The expected output is every line from the one containing "ラッセル車のような豆大福" to the end of the data below, exactly, and no other line.

(Data excerpts)
****
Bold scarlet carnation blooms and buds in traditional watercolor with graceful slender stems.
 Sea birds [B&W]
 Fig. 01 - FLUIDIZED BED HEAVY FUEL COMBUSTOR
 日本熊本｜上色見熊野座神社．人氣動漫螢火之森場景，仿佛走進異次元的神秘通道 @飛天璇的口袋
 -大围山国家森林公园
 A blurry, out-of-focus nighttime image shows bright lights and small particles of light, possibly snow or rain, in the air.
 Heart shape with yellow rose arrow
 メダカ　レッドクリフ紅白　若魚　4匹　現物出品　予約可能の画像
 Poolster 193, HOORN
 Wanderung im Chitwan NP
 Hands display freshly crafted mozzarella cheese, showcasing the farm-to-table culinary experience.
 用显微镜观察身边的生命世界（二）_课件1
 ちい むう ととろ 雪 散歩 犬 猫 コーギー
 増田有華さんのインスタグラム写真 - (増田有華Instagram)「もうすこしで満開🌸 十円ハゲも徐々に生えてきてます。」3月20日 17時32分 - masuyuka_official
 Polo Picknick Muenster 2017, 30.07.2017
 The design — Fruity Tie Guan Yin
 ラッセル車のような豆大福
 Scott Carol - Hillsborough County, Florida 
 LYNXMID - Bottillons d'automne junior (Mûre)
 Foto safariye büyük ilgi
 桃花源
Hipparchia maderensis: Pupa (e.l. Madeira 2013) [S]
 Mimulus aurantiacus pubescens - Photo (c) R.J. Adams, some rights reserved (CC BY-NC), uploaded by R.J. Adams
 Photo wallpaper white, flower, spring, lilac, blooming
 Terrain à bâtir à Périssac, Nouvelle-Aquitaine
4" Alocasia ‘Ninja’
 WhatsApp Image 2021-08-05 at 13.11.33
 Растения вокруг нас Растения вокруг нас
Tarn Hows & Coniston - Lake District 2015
****
▸ Response below
 ラッセル車のような豆大福
 Scott Carol - Hillsborough County, Florida 
 LYNXMID - Bottillons d'automne junior (Mûre)
 Foto safariye büyük ilgi
 桃花源
Hipparchia maderensis: Pupa (e.l. Madeira 2013) [S]
 Mimulus aurantiacus pubescens - Photo (c) R.J. Adams, some rights reserved (CC BY-NC), uploaded by R.J. Adams
 Photo wallpaper white, flower, spring, lilac, blooming
 Terrain à bâtir à Périssac, Nouvelle-Aquitaine
4" Alocasia ‘Ninja’
 WhatsApp Image 2021-08-05 at 13.11.33
 Растения вокруг нас Растения вокруг нас
Tarn Hows & Coniston - Lake District 2015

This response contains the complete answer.